In questo modo, i droni per l'impollinazione assistita si presentano come una soluzione innovativa per integrare il lavoro delle api e migliorare la produzione nei frutteti di varietà autofertili. 

Queste piantagioni necessitano del polline di un'altra varietà compatibile per dare frutti, il che rende essenziale l'intervento di impollinatori e agenti come le api per trasferire il polline tra i fiori. Tuttavia, se la fioritura di queste varietà non coincide con quella dei loro impollinatori, la produzione di frutti ne risulta compromessa.

La sfida principale del progetto è stata quella di sviluppare una tecnica di impollinazione complementare a quella tradizionale, adattata alle condizioni della frutticoltura cilena. 

Per raggiungere questo obiettivo, il team ha svolto un approfondito processo di progettazione e ottimizzazione del kit di impollinazione tramite drone, oltre a molteplici test sul campo e adeguamenti tecnici per garantire la corretta diluizione e applicazione del polline, nonché un peso adeguato del dispositivo.

Pertanto, l'impollinazione assistita dai droni si sta rivelando un'alternativa promettente per migliorare l'efficienza produttiva nei frutteti di ciliegie e per affrontare le sfide del cambiamento climatico nella frutticoltura nazionale.

Innovazione e tecnologia

Il rappresentante regionale della FIA a Maule, Robert Giovanetti, ha affermato che "questo progetto è un chiaro esempio di come l'innovazione e la tecnologia possano fornire soluzioni concrete alle sfide che la frutticoltura deve affrontare. 

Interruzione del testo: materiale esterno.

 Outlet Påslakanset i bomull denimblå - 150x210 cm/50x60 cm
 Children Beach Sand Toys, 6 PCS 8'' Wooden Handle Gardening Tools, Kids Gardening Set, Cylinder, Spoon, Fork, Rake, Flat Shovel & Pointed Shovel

L'impollinazione assistita dai droni può essere complementare all'impollinazione delle api, soprattutto nei momenti critici del ciclo produttivo. Noi della FIA continuiamo a sostenere iniziative che migliorano l'efficienza e la sostenibilità del settore agricolo, promuovendo lo sviluppo di strumenti che consentano ai produttori di adattarsi a un ambiente in continua evoluzione.

Da parte sua, Luis Ahumada, direttore del Montefrutal Innovation Center (CIM), ha spiegato che “dal 2017, grazie al finanziamento e al supporto dell’agenzia FIA, abbiamo lavorato a diversi progetti e studi che ci hanno permesso di disporre di strumenti migliori per la frutticoltura. Questo supporto, unito al lavoro professionale del nostro team, è stato fondamentale per posizionarci come punto di riferimento nella ricerca e sviluppo di tecnologie applicabili all’industria della frutta, contribuendo in modo significativo al progresso e alla sostenibilità del settore.”